# Less hard work = success



## AnotherGuy (Aug 5, 2013)

I was just sitting here thinking about when I was younger and how any job I got as a younger guy ended up with me in a higher position of trust and responsibility. Then I began to wonder what made me see that going above and beyond is never really worth it.

Some time ago I got a customer service office job. A fellow coworker was hired due to her 2nd language skills so she got to work helping people of all Asian backgrounds. Meanwhile I was helping English callers. I would receive close to 100 calls a day. This coworker got a total of 9 calls in one year. *that was not a typo people. NINE calls all year. * when the other phone queues were on fire, I had to accept calls for multiple departments, despite the fact I was hired for ONE - she still had to stay in the same queue that was lucky to receive 1 call in a few weeks. So I had to help with call overflow--she got to google stuff.

During this time I had to do all kinds of learning by myself because in a female dominated office, men were the punching bags. People would literally refuse to help me and answer my questions. So I put on my study cap and learned everything that I had to on my own. And I became amazing at what I did.

Eventually one year passed and we were allowed to change departments and jobs. She got a cozy job in a department that just monitors computer activity. She was personally groomed by one of the people from that department because the guy who groomed her thought he was gods gift to women and would constantly hit on her. She would just listen to the guy sing like a canary about all the info she needed to advance. Meanwhile I was asking people to learn anything I could to do my job properly, got ignored at EVERY turn, STILL learned anyway, and I lost out a really good position to someone who was on disciplinary action for attendance issues.
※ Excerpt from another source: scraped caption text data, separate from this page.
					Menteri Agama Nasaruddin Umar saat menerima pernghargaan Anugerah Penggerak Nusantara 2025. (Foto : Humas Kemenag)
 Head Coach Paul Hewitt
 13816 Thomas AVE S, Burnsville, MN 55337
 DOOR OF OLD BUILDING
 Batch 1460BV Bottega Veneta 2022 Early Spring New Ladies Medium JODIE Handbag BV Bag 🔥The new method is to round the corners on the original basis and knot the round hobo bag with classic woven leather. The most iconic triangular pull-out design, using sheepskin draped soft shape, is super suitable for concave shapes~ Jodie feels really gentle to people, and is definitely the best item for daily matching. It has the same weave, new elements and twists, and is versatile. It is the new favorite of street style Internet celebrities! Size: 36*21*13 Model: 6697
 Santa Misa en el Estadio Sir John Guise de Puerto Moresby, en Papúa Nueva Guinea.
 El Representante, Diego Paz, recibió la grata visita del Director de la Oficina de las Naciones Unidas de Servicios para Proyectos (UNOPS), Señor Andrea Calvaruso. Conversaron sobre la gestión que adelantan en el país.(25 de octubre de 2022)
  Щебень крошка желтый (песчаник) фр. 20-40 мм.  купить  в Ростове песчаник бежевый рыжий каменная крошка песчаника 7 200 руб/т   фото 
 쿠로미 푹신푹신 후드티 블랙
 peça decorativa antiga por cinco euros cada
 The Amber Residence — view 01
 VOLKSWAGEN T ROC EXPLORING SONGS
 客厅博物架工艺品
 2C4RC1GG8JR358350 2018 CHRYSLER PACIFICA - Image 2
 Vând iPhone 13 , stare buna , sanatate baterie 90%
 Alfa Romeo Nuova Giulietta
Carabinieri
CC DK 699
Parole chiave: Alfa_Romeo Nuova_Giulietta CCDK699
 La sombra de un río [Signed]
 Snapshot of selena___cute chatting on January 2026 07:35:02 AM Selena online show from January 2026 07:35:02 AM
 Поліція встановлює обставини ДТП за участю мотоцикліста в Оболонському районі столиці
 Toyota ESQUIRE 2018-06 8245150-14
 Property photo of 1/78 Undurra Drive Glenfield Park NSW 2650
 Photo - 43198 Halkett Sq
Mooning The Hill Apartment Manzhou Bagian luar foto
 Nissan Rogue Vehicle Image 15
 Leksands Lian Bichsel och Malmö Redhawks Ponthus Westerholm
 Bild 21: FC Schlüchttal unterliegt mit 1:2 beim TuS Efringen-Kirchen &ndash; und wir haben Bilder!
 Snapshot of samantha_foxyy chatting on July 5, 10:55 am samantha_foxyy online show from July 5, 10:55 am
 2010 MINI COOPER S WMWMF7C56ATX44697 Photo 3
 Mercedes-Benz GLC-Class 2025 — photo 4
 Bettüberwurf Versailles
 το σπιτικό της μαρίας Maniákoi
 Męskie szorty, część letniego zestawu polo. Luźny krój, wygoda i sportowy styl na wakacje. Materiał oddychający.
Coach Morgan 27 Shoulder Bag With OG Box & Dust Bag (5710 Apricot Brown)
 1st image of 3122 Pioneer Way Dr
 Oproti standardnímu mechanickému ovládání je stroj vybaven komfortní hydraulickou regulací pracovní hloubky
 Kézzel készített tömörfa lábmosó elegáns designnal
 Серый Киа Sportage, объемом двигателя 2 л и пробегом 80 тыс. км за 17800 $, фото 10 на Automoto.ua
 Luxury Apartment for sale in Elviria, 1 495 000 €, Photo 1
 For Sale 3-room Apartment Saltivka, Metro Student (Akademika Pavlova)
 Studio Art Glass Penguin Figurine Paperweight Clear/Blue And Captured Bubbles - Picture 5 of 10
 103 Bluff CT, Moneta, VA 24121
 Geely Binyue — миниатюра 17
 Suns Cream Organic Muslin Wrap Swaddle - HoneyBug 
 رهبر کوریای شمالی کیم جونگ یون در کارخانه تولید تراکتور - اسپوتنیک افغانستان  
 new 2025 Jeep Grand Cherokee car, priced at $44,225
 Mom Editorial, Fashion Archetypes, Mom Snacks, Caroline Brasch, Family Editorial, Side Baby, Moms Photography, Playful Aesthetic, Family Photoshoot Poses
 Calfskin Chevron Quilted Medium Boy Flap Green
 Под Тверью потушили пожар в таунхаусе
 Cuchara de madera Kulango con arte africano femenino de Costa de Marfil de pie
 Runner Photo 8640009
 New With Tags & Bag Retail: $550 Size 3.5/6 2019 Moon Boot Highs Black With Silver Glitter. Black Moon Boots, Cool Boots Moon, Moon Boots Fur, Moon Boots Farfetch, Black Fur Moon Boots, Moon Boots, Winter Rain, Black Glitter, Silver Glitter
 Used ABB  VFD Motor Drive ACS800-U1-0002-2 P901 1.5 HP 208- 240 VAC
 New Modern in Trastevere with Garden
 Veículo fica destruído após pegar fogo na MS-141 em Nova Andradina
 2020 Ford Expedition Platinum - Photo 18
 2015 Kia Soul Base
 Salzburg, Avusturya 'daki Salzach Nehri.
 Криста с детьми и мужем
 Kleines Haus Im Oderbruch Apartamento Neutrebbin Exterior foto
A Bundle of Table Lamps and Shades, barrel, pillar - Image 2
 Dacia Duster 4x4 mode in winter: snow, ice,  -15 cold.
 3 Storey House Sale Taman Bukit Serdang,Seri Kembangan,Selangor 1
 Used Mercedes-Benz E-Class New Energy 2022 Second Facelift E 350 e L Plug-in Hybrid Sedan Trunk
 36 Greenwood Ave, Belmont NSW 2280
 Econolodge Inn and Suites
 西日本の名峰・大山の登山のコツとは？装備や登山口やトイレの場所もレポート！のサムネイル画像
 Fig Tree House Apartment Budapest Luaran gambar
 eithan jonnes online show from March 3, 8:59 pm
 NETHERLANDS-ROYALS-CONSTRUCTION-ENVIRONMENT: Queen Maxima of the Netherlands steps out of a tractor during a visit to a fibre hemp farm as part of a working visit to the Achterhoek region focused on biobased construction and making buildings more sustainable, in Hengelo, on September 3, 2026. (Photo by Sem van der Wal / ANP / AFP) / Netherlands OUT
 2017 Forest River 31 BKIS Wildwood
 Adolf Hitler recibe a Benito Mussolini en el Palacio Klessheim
Sometimes walking out is your only option. And when that's your only option because you know that trying to advance is like ice skating uphill, quitting feels soooooo good.


----------



## TobeyJuarez (May 16, 2012)

*sigh*

i dont think this particular instance should be grounds to develop a new way of thinking


----------



## bottleofblues (Aug 6, 2008)

Was she attractive? Attractive woman and guys usually have an easier time getting ahead than others.


----------



## AnotherGuy (Aug 5, 2013)

illmatic1 said:


> *sigh*
> 
> i dont think this particular instance should be grounds to develop a new way of thinking


Sure, why not? What if this happens at every single job you go to? Would you keep a chipper attitude if this happened every time you tried to apply yourself at a new job?


----------



## AnotherGuy (Aug 5, 2013)

bottleofblues said:


> Was she attractive? Attractive woman and guys usually have an easier time getting ahead than others.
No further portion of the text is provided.